(Exercise brief): Your answer should be the data below, reproduced with nothing changed.

(Records):
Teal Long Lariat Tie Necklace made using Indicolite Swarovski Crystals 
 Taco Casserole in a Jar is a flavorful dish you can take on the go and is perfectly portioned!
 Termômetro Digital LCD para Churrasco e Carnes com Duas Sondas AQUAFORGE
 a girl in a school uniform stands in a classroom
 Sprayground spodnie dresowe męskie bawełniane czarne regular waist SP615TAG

(Solution below):
Teal Long Lariat Tie Necklace made using Indicolite Swarovski Crystals 
 Taco Casserole in a Jar is a flavorful dish you can take on the go and is perfectly portioned!
 Termômetro Digital LCD para Churrasco e Carnes com Duas Sondas AQUAFORGE
 a girl in a school uniform stands in a classroom
 Sprayground spodnie dresowe męskie bawełniane czarne regular waist SP615TAG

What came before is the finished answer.